What happened in the village of Um al-Nasr is typical of the nature of the Israeli offensive in Gaza - which is now going into its fourth month.
Israeli soldiers had crossed the border and come hunting for Palestinian militants.
But in the course of their raid they inflicted much suffering on many civilians.
The army says that it went in to Um al-Nasr to capture what it calls terrorists.
A spokesman says that the troops came under fire from two buildings, and that they were consequently demolished.
It is the army's policy to destroy structures from which it says it is attacked.
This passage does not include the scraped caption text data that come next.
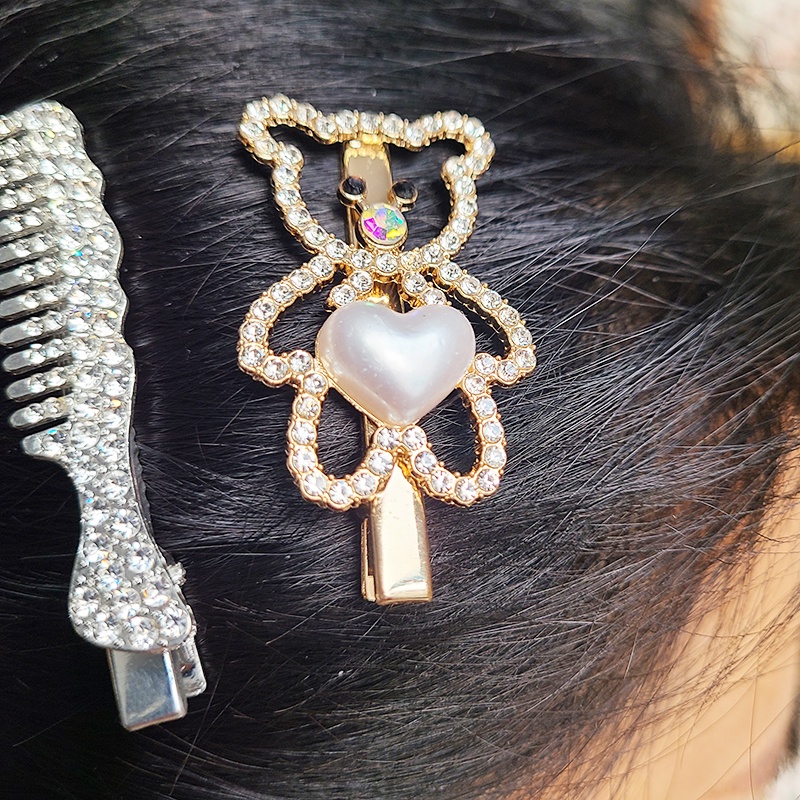 Set 3 Kẹp Tóc Đính Ngọc Trai Xinh Xắn Cho Nữ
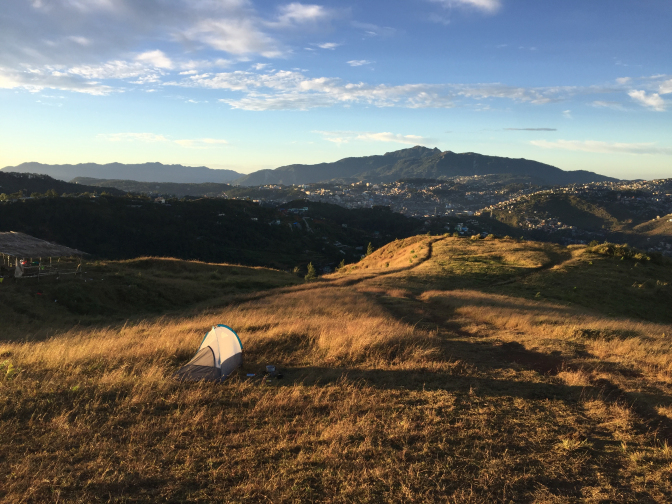 tent in the morning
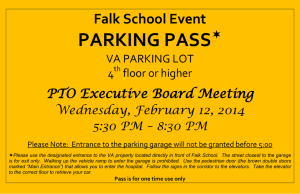 PARKING PASS  Falk School Event PTO Executive Board Meeting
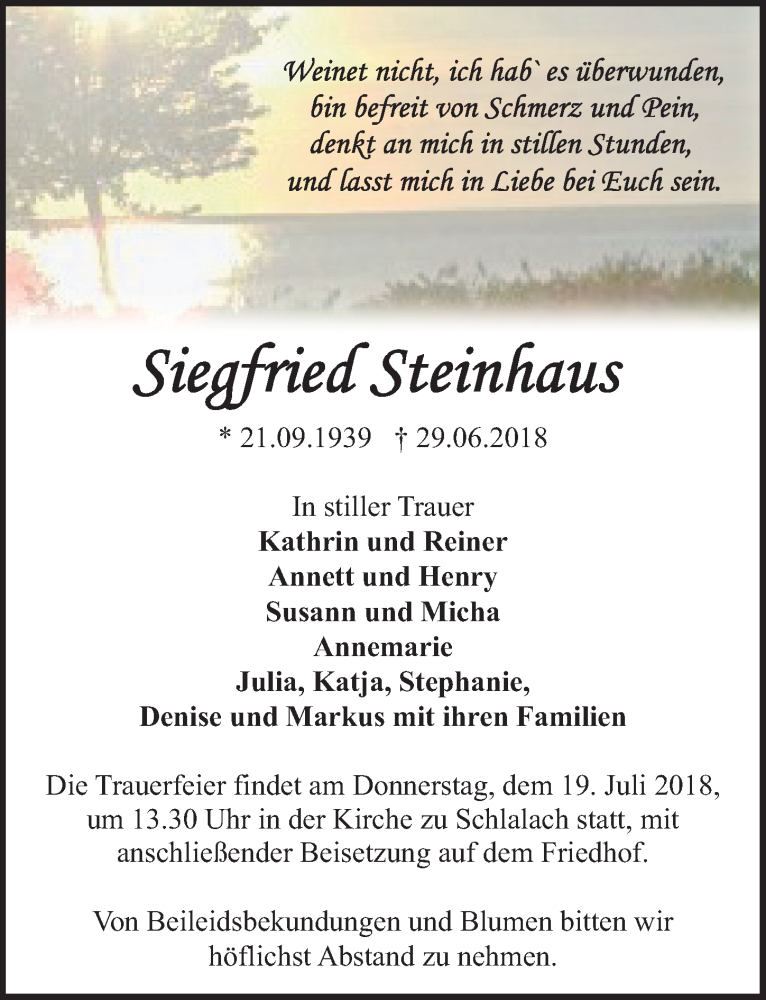  Traueranzeige für Siegfried Steinhaus vom 07.07.2018 aus Märkischen Allgemeine Zeitung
The villagers say that about a dozen families in this poverty-stricken community were crammed into those buildings - and you find them now camped in the ruins.
Screaming at night
When the villagers gathered under a guava tree to tell their story, Subhiya Mouamr's son, Riziq sat among them.
He has a mental disability, and he does not hear or speak well.
His relatives say that the first they knew of the Israeli raid was the sound of Riziq screaming in the night.
His sister, Leila thought that a fight had broken out with the neighbours.
She said she rushed out to find Riziq being beaten by soldiers. Above his blackened eye a large plaster still covers a wound.
His family believes that Riziq may have lashed out at the troops.
"I asked them what they wanted with him - saying that he's sick," said Leila. "They told me to shut up."
Then Leila said the soldiers opened fire on two other relatives racing to the scene.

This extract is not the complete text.